A store has cans of orange, pineapple and mixed fruit juices in the ratio 8 : 9 : 15. The store sells 25 percent of the orange, 33.33 percent of the pineapple and 20 percent of the mixed fruit juice cans. What is the ratio of the remaining cans of orange, pineapple and mixed fruit juices in stock?

Introduction / Context:
This ratio and percentage question is based on stock management in a store. Initially, the store has three types of juice cans in a known ratio. A certain percentage of each type is sold, which reduces the quantities. We are asked to determine the new ratio of the remaining cans on the shelves. This problem tests the ability to work with ratios, percentages and proportional reasoning all together.

Given Data / Assumptions:
- Initial ratio of orange : pineapple : mixed fruit juice cans is 8 : 9 : 15.
- 25 percent of orange cans are sold, so 75 percent remain.
- 33.33 percent (approximately one third) of pineapple cans are sold, so two thirds remain.
- 20 percent of mixed fruit cans are sold, so 80 percent remain.
- We need the ratio of remaining orange, pineapple and mixed fruit cans.

Concept / Approach:
We can treat the original ratio as actual counts by assuming a convenient total unit, say 8 orange cans, 9 pineapple cans and 15 mixed fruit cans. Then we apply the given percentages to find remaining cans of each type. After computing the remaining quantities, we express them as a ratio and simplify to obtain the final ratio in lowest terms. The absolute total is not important; only the relative values matter.

Step-by-Step Solution:
Step 1: Assume initial stock: orange = 8 units, pineapple = 9 units, mixed fruit = 15 units. Step 2: Orange sold = 25 percent of 8 = 0.25 * 8 = 2 units, so remaining orange = 8 minus 2 = 6 units. Step 3: Pineapple sold = 33.33 percent of 9 which is about 1/3 of 9 = 3 units, so remaining pineapple = 9 minus 3 = 6 units. Step 4: Mixed fruit sold = 20 percent of 15 = 0.20 * 15 = 3 units, so remaining mixed fruit = 15 minus 3 = 12 units. Step 5: Remaining stock ratio = 6 : 6 : 12. Step 6: Simplify 6 : 6 : 12 by dividing each term by 6 to get 1 : 1 : 2.

Verification / Alternative check:
Instead of using exact counts, we could directly multiply each original ratio term by the remaining fraction. For orange, remaining fraction is 75 percent or 3/4, so 8 * 3/4 = 6. For pineapple, remaining fraction is about 2/3, so 9 * 2/3 = 6. For mixed fruit, remaining fraction is 80 percent or 4/5, so 15 * 4/5 = 12. These values match the earlier calculation, confirming that the final ratio is correctly simplified to 1 : 1 : 2.
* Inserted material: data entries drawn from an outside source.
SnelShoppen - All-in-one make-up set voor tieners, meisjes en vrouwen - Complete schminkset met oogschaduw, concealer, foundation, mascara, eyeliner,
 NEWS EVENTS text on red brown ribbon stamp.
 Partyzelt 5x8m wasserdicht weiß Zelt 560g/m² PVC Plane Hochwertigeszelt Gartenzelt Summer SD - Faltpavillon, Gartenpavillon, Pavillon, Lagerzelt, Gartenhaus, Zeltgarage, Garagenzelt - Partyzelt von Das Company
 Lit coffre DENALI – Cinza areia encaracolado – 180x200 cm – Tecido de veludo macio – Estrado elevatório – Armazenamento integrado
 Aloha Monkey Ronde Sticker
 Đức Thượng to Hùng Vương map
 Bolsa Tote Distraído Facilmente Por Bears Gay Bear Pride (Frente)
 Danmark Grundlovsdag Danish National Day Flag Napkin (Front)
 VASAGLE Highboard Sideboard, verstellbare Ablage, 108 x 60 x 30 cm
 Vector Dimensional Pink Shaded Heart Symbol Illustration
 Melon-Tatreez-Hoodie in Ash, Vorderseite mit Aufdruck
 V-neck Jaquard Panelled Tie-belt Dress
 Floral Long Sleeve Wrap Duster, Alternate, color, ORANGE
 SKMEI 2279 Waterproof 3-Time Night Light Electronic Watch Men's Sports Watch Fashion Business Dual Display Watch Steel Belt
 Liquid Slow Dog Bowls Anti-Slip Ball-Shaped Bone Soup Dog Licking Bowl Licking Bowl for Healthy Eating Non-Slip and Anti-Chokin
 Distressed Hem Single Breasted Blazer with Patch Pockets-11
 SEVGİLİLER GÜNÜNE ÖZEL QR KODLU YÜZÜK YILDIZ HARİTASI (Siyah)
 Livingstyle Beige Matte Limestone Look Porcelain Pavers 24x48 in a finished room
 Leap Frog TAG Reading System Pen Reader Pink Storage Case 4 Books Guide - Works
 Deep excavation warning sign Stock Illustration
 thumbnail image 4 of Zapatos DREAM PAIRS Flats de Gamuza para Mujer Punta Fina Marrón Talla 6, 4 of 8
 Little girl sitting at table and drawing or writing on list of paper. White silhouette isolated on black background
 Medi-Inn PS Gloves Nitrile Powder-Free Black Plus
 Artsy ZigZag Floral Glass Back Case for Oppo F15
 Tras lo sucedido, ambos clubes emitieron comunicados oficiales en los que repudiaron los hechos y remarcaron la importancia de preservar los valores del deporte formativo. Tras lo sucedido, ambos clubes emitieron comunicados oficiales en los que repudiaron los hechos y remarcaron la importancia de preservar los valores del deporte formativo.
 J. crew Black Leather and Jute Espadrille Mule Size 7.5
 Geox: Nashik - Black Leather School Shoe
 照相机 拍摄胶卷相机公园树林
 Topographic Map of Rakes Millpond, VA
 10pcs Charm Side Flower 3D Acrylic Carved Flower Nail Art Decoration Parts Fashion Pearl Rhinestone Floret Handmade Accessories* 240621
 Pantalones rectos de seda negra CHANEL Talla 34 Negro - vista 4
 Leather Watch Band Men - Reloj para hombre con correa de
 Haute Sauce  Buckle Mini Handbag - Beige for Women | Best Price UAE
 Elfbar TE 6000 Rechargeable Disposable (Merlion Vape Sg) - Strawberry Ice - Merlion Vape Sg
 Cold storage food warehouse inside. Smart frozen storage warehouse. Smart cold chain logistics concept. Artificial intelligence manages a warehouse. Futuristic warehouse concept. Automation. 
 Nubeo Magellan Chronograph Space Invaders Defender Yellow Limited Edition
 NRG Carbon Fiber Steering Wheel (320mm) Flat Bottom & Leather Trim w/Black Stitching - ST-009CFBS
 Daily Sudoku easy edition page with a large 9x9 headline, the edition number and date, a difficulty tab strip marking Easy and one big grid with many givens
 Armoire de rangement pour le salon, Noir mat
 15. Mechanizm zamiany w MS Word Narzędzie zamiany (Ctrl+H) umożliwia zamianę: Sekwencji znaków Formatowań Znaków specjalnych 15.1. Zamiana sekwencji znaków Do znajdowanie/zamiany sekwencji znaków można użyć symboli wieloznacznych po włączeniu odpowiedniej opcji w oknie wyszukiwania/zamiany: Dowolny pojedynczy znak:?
Why Other Options Are Wrong:
6 : 6 : 13 would be correct only if mixed fruit remaining were 13 units, which is not supported by the 20 percent sale of 15. 12 : 15 : 19 and 4 : 9 : 13 do not reflect the percentages of sold stock correctly and would imply inconsistent or incorrect percentage reductions. The only ratio that aligns with the computed remaining quantities of 6, 6 and 12 is 1 : 1 : 2.

Common Pitfalls:
Some students treat percentages as absolute quantities instead of fractions of the current count. Another common mistake is incorrectly approximating 33.33 percent and not recognizing it as one third. Others may forget to simplify the final ratio, leaving it as 6 : 6 : 12 instead of reducing to 1 : 1 : 2. Consistent use of fractional or percentage arithmetic avoids these errors.

Final Answer:
The ratio of remaining cans of orange, pineapple and mixed fruit juices is 1 : 1 : 2.